Wednesday, 10 August 2016

The Olympic Nightmare

The Olympics motto of "citius, altius, fortius" used to send chills down my spine as a child. I always got so excited at the idea of the best of the best competing heroically just for the glory of it.
However that ideal was shattered by the revelations of Ben Johnson's use of steroids. Tales of covering up of positive drugs tests by Americans during the LA Olympics further tainted the so called Olympic ideal. The scoring system in boxing had to be changed after biased scoring by Korean judges at the Seoul Olympics. By the time professional basket players were allowed to compete in Olympic competition all hope was lost. Since then there has been evidence of corruption in the International Olympic Committee under the stewardship of Juan Antonio Samaranch, and a seemingly endless stream of failed drug tests amongst top competitors. To all intents and purposes the Olympics has become just another arena for making money by any means available.  

The IOC faced calls to ban Russia from participating in the Rio Olympics. Not surprisingly it let itself down by deciding to pass the decision on to individual Olympic associations. Russia has a long history of state sponsored doping. All the way back to the times it was actively doping athletes in conjunction with the then East Germany. That alone suggests that it will take more than a few months to clear up Russia's predilection for doping its athletes. A total ban shouldn't be seen as punishment but as a chance for Russia to finally clean itself up and allow its athletes to finally do themselves justice.
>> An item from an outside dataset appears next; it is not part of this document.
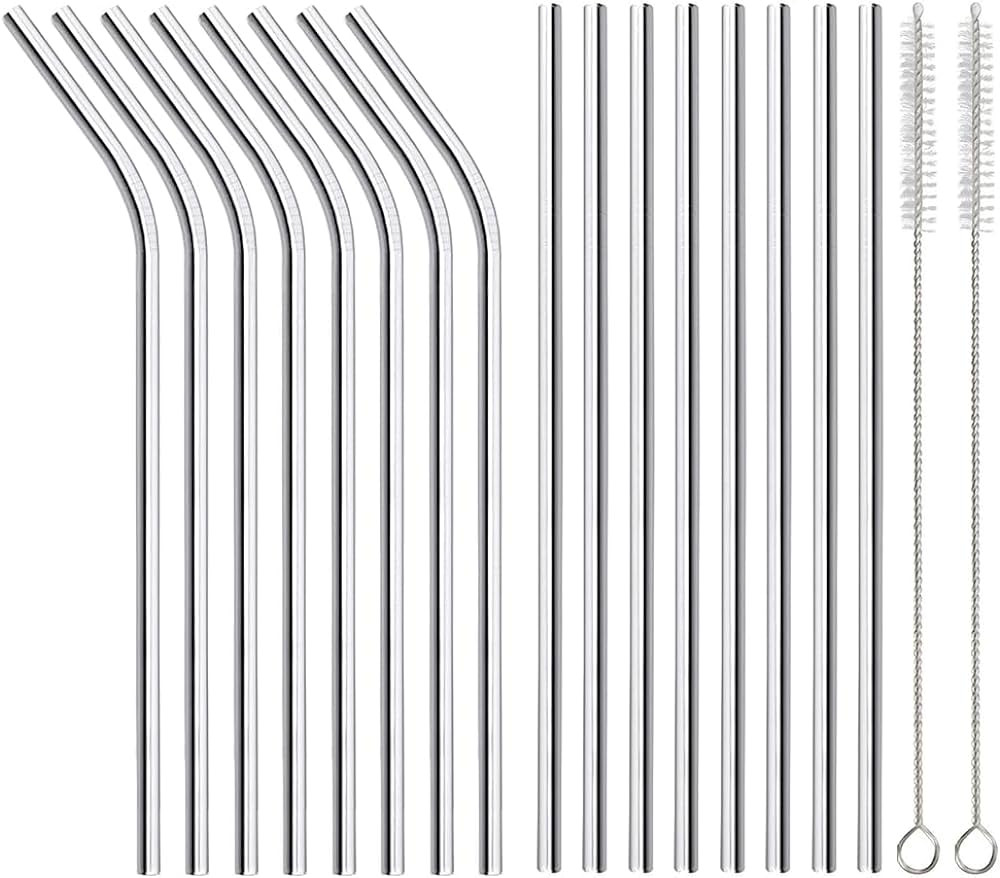 16 Pack of Reusable Stainless Steel Metal Straws, 8 Straight + 8 Bent 8.5 inch Metal Straws with ... | Amazon (US)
However, Russia isn't the only country to have institutionally condoned the use of performance enhancing drugs.
The use of human growth hormone and blood doping were pioneered in the United States. China has a history of organised doping. Kenya and Jamaica have had questions asked about their drug testing setups. 

The IOC has had more than enough reasons to be proactive on the issue of doping in sports. It could certainly do more to fund the research into, and administration of drug testing. It may be time to take responsibility for drugs testing away from hosting nations and compel it to be subcontracted out to an independent body or organisation. The IOC has an obligation to show that it has a zero tolerance policy with regards the use of performance enhancing drugs. It is time to consider adopting a lifetime ban for any athletes found guilty of doping. Until the IOC starts leading the way in the eradication of doping in sports the Olympic Games will embody none of the spirit of the true Olympians of ancient legend.